Entonces se me vienen a la cabeza todas y cada una de las madres con las que a veces paso tardes enteras en el parque. Además de trabajar y, probablemente, seguir trabajando después, han llevado a sus hijos e hijas a jugar. Y además han pensado la cena. Y además han tendido la lavadora. Y además han recibido en el grupo de chat –de madres, claro– la fecha del siguiente cumpleaños. Y además han comprado el regalo para el cumpleaños y además han ido a depilarse –y tendrán que ir al cumpleaños, que no sé qué es peor–.
En fin, que al final he concluido que para qué hacer ninguna crónica en “lugares de hombres” si los #AMíTambién y los #AMíTampoco existen (en el día a día).
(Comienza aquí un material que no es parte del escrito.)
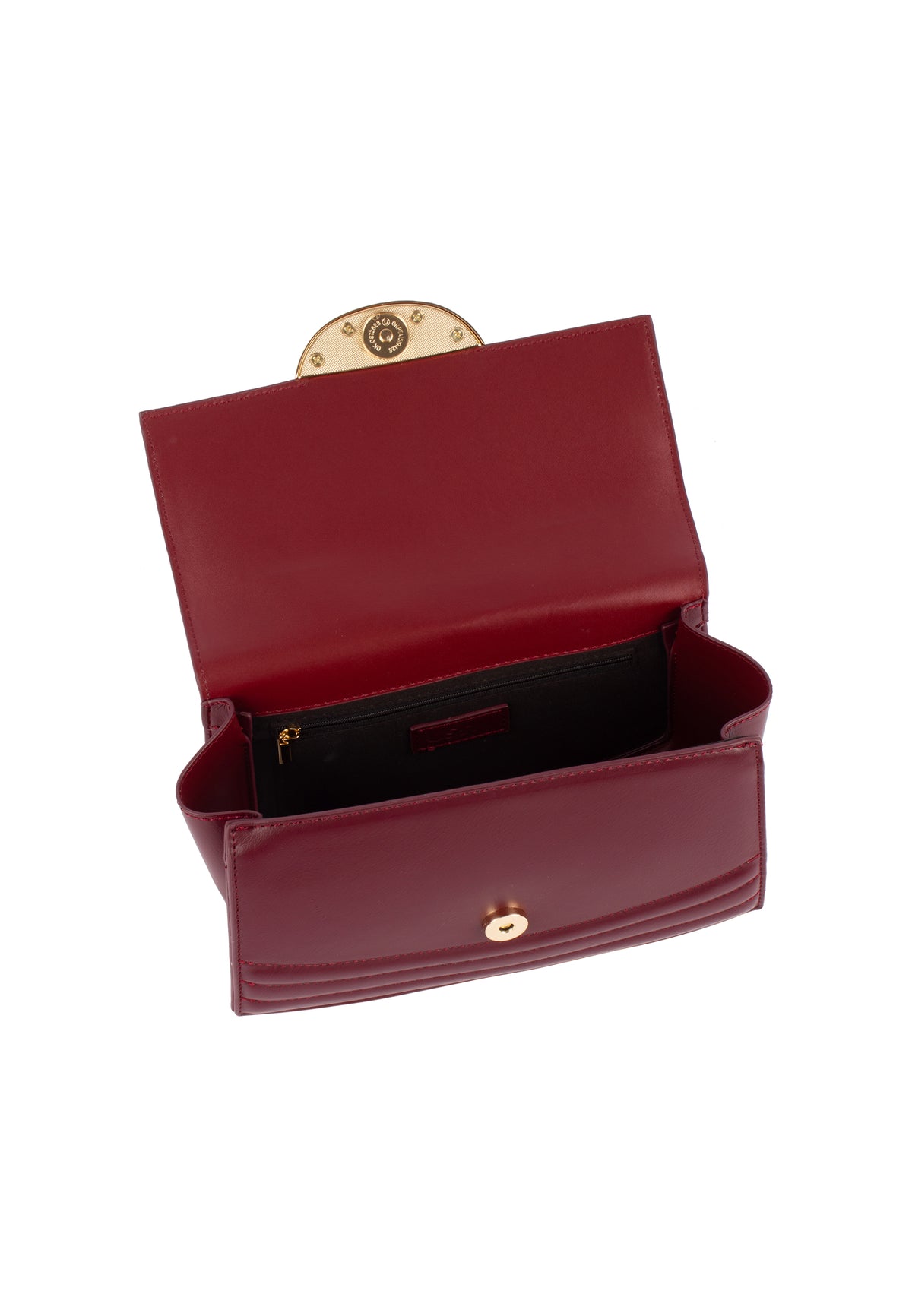 Chancery Women's Handle Bag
Me ha gustado mucho el articulo, pero me choca mucho esta frase:».Había dos carritos de bebé y un joven discapacitado con su madre»… No suelo corregir el lenguaje, no podriamos comunicarnos, pero sé que no os habéis dado cuenta y este es un medio que creo que agradecerá su visibilización. «Joven con discapacidad o mejor aún diversidad funcional.».
Y en qué se diferencia decir»joven discapacitado» de «joven con discapacidad»?
En el primero se está describiendo a la persona en su totalidad mientras que en el segundo la discapacidad es solo una cualidad que tiene la persona. La primera es una etiqueta y la segunda no, por ponerlo de alguna forma.